This project involves cleaning, preprocessing, and transforming an HR dataset from an Excel file with multiple sheets. Here's a detailed breakdown of the process:
1. Data Loading and Initial Exploration
The project begins by loading an Excel file (HR_Dataset.xlsx) from a specific path
It reads all sheets from the Excel file using sheet_name=None to get a dictionary of DataFrames
For each sheet, it performs initial exploration by:
Printing sheet information with df.info()
Showing descriptive statistics with df.describe()
Counting duplicated rows with df.duplicated().sum()
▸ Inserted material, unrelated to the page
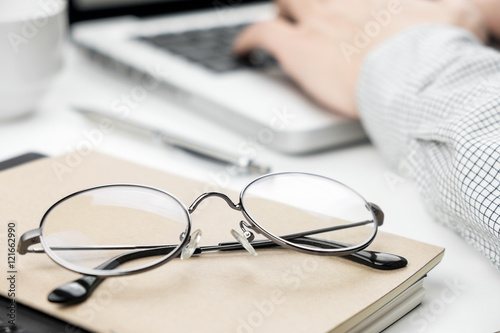 Close-up of eye glasses with a business man working on laptop in
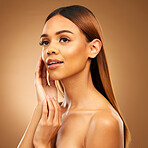 Woman with hand on face, skin and haircare with bronze glow and luxury salon treatment on brown background. Beauty, makeup and skincare cosmetics, hispanic model with straight hair style in studio.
Counting null values in each column with df.isnull().sum()
2. Data Cleaning
Handling Missing Values
Different strategies are applied to different sheets:
Employee sheet:
Sick_Days filled with mean value (converted to integer)
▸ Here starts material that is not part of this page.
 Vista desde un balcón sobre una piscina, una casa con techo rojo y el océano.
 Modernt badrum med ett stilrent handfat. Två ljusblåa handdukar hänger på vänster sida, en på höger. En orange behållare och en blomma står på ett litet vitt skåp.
Years_At_Company filled with mean value (converted to integer)
Projects sheet:
Projects_Handled filled with median value
Remote work sheet:
Remote_Work_Frequency filled with mode (most frequent value)
Handling Duplicates
For each sheet, duplicated rows are identified and counted
A new dictionary HR_cleaned is created containing each sheet's data with duplicates removed using drop_duplicates()
3. Data Export
The cleaned data is exported to a new Excel file (HR_Dataset(final).xlsx) with two versions of each sheet:
Nulls_Handled_[sheetname]: Contains data with missing values handled
Cleaned_[sheetname]: Contains data with both missing values handled and duplicates removed
4. Data Transformation
Several transformations are performed on the dataset:
Age and Hiring Information
Current year is set as 2023 for calculations
Age column is converted to numeric, handling potential errors
Rows with missing Age values are dropped
Hire_Year is generated based on age groups:
Age > 45: Hired between 2005-2010
Age 40-45: Hired between 2010-2015
Age 30-39: Hired between 2015-2020
Age 20-29: Hired between 2019-2023
Date Generation
Hire_Date is created by combining:
Generated Hire_Year
Random month (1-12)
Random day (1-28)
Format is set as MM-DD-YYYY
Years at Company Calculation
Years_At_Company is calculated as current year (2023) minus Hire_Year
Gender Standardization
Gender values are standardized to 'M' and 'F' (from 'Male' and 'Female')
Final Output
The script prints the transformed data showing the Age, Hire_Date, and Years_At_Company columns to verify the transformations.